In the six trips Cartier-Bresson made to India between 1947-87, he chronicled the country exhaustively and at close range, producing photographs that differed considerably from his previous work; his earlier art photographical focus, with its attention to form and aesthetics, was replaced by a steady photojournalistic motivation that placed the social and political events in the country at its centre. His photographs of postcolonial India lent a monumentality to everyday moments, such as the experiences of women in the public sphere, labourers at work, the diminishing world of royalty and the political establishment. He covered the aftermath of the Partition, documenting refugees in trains and camps, and extensively photographed national leaders such as Jawaharlal Nehru and Sardar Vallabhai Patel, as well as other dignitaries, such as Ramana Maharishi and Sri Aurobindo. Cartier-Bresson’s work also influenced a number of Indian photographers, including Raghu Rai and Raghubir Singh.
As part of his work at Magnum, he made photographs across the world, including in Mexico, Canada, Japan, Portugal, Italy and the Soviet Union. He also worked extensively across Asia, photographing the final stages of the Chinese Civil War and the early days of the Maoist People’s Republic and documented Indonesia’s independence from Dutch rule. In 1966, he withdrew as a principal of Magnum and eventually retired from professional photography in the early 1970s.

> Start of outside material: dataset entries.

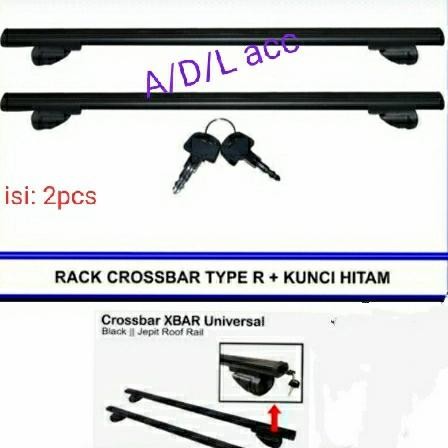 Termurah Cross Bar- Kaki Rack Model Jepit Roof Rail Fortuner /Rush/Terios Lama Terlariss 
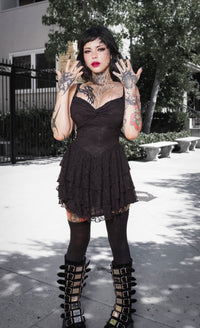 Black Dahlia Lace Dress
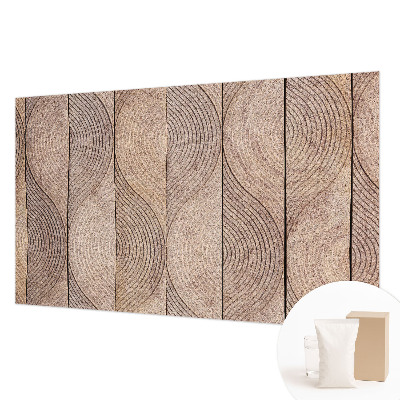 Mural de pared con estampado hermoso con diseño de ondas en madera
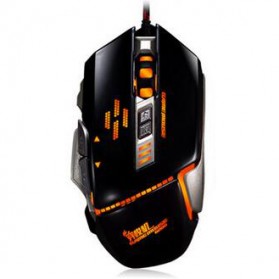 RAJFOO Gaming Mouse Laser - Model 5 - Black - 1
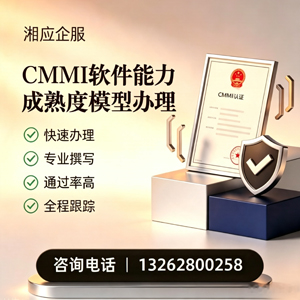 绍兴CMMI软件能力成熟度模型认证服务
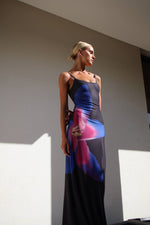 Load image into Gallery viewer, Midnight Lily Floral Slip Dress (6) - With Harper Lu
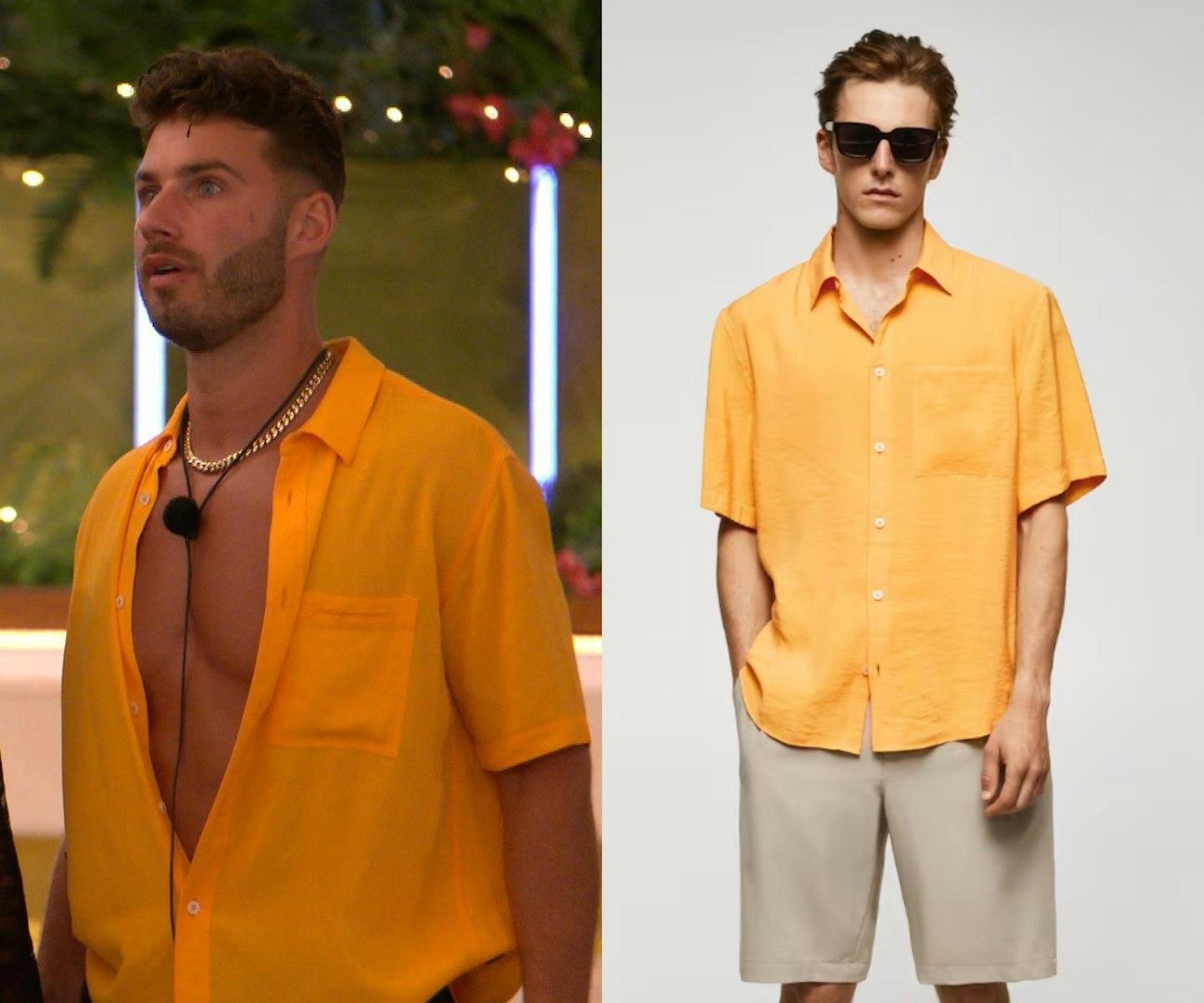 Josh's Yellow Shirt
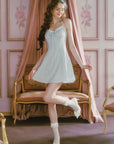 Blue Gingham Sweetheart Dress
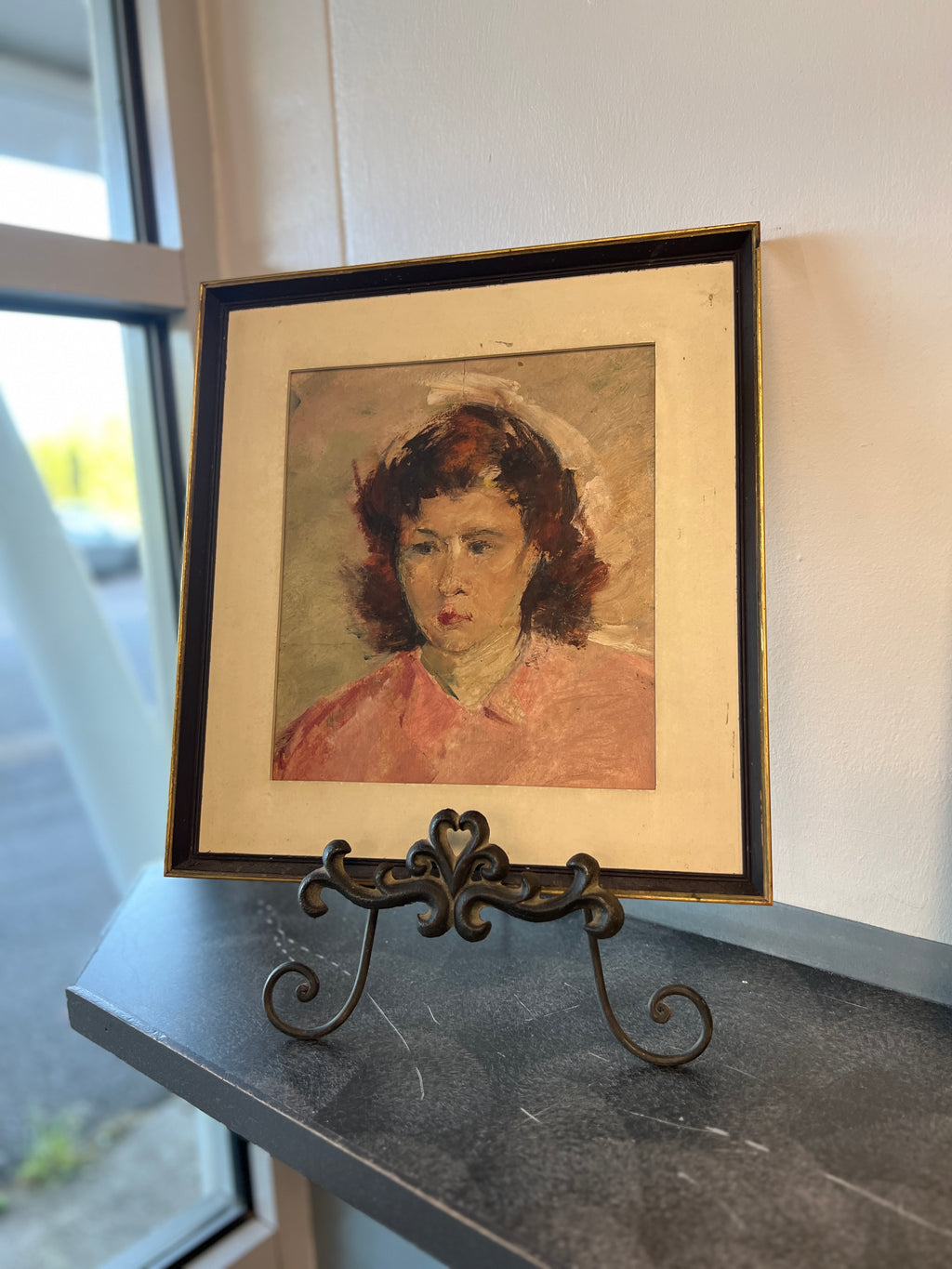 Portrait of lady wearing pink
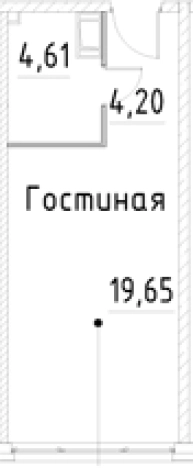 Купить Студию в новостройках на улице проспект Большевиков в Санкт-Петербурге. Вариант № 7596203, 0, площадь -  квм, цена 5844860 рублей
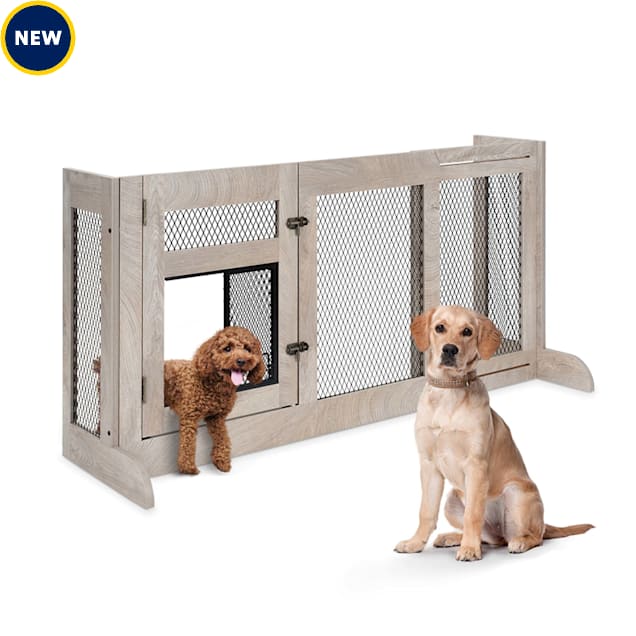 UniPaws FreeStanding Retractable Dog Gate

Cartier-Bresson’s photographs have been widely published and exhibited. He held his first exhibition in New York in 1933, followed by others in Madrid and Mexico in 1934. A major retrospective of his work was held at the Museum of Modern Art (MoMA), New York, in 1947. In 2017, the Rubin Museum, New York, presented sixty-nine photographs from Cartier-Bresson’s documentation of India in an exhibition titled Henri Cartier-Bresson: India in Full Frame. He also won numerous accolades, including the Prix de la Société Française de Photographie in 1959, the Culture Prize in 1975 and the Grand Prix National de la Photographie in 1981. His work is part of the permanent collections of museums across the world, including the Bibliothèque Nationale de France, Paris; the Victoria & Albert Museum, London; The Museum of Modern Art, New York; The Getty Museum, Los Angeles; and The Art Institute of Chicago, among others.
Cartier-Bresson died in 2004 in Céreste, France.